# Silicone sleeves



## Jakey (12/3/15)

Anybody know where i could find silicone sleeves for my incoming Sig150, any colour other than the standard black it comes with. Also a sleeve for iStick 50w

Reactions: Winner 1


----------



## huffnpuff (14/3/15)

krick-krick. krick-krick . Nothing local for both. There are some other colours available for the 100/150, but the iS50 case is still in the works, but it is coming.

Reactions: Like 1


----------



## Jakey (14/3/15)

Haha the silence on this post was getting too noisy for me to handle. Any chance that you know where to order one for the sig?


----------



## Riddle (14/3/15)

I'm also looking for 1 for the 100W. Maybe we can find a place and do a group buy?

Reactions: Agree 1


----------



## huffnpuff (14/3/15)

There's no reason our local suppliers can't get them as they're made by Sigelei:
http://www.sigelei.com/category.php?id=105

Else,

http://papajoesvb.com/sigelei-100-watt-digital-box-mod-150-plus-case-silicone-gel.html
https://www.elementvape.com/silicone-cover-for-sigelei-100-100w-plus-150w-watt-box-mod?enter=true
http://www.amazon.com/Sigelei-Silicone-Protective-Cover-Black/dp/B00RCJJWYM

Weird Colours

Reactions: Like 1


----------



## Yiannaki (14/3/15)

I would love a pink sleeve for my 100w

Reactions: Funny 2


----------



## Jakey (14/3/15)

Group buy lets do it.
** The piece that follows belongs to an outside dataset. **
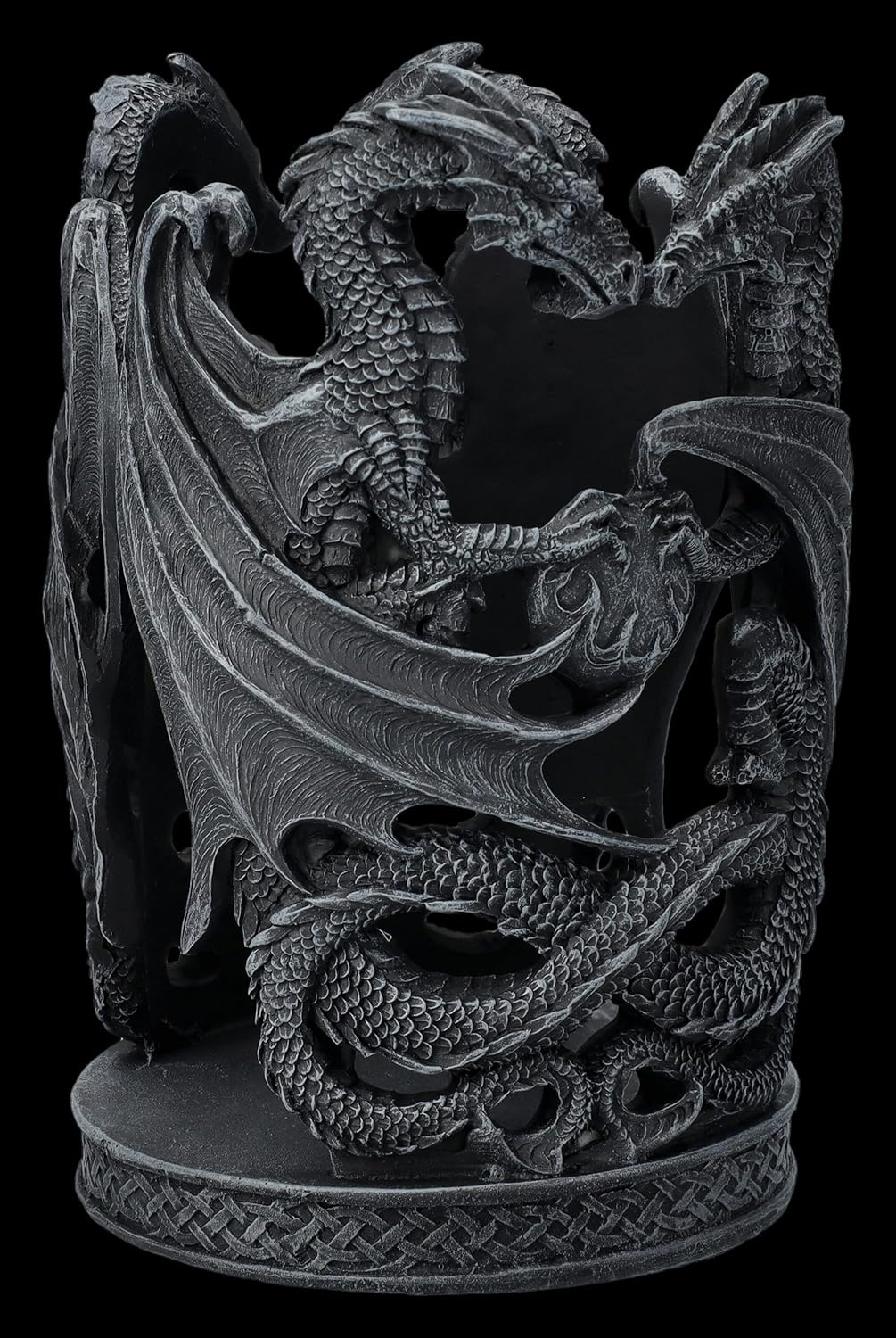 Figuren Shop GmbH Gothic Drachen Flaschenhalter 16 cm - Weinhalter Stumpenkerzenhalter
Il mess it up if I facilitate though


----------



## Riddle (14/3/15)

Anyone else interested in a group buy?


----------



## TylerD (14/3/15)

Red 150 Sig for me please?

Reactions: Like 1


----------



## Jakey (14/3/15)

Ooooooh its pickin up, whose willing to run with this?


----------



## capetocuba (14/3/15)

have a look here ...

http://www.ebay.co.uk/sch/i.html?_from=R40&ghostText=&_sacat=0&_nkw=SIGELEI+150+SKIN&LH_PrefLoc=2&_arm=1&_armm=63&_ruu=http://www.ebay.co.uk/sch/i.html?_from=R40&ghostText=&_sacat=0&_nkw=SIGELEI+150+SKIN&_arr=1

And here

http://www.ebay.co.uk/itm/Authentic...t=LH_DefaultDomain_0&var=&hash=item3cf11d8eac


----------



## Matt (14/3/15)

I want a blue one if you going to order


----------



## Dr Phil (14/3/15)

Red one for 150w


----------



## Jakey (15/3/15)

Haha guys are already placing orders but no1 stepping up to facilitate the buy yet


----------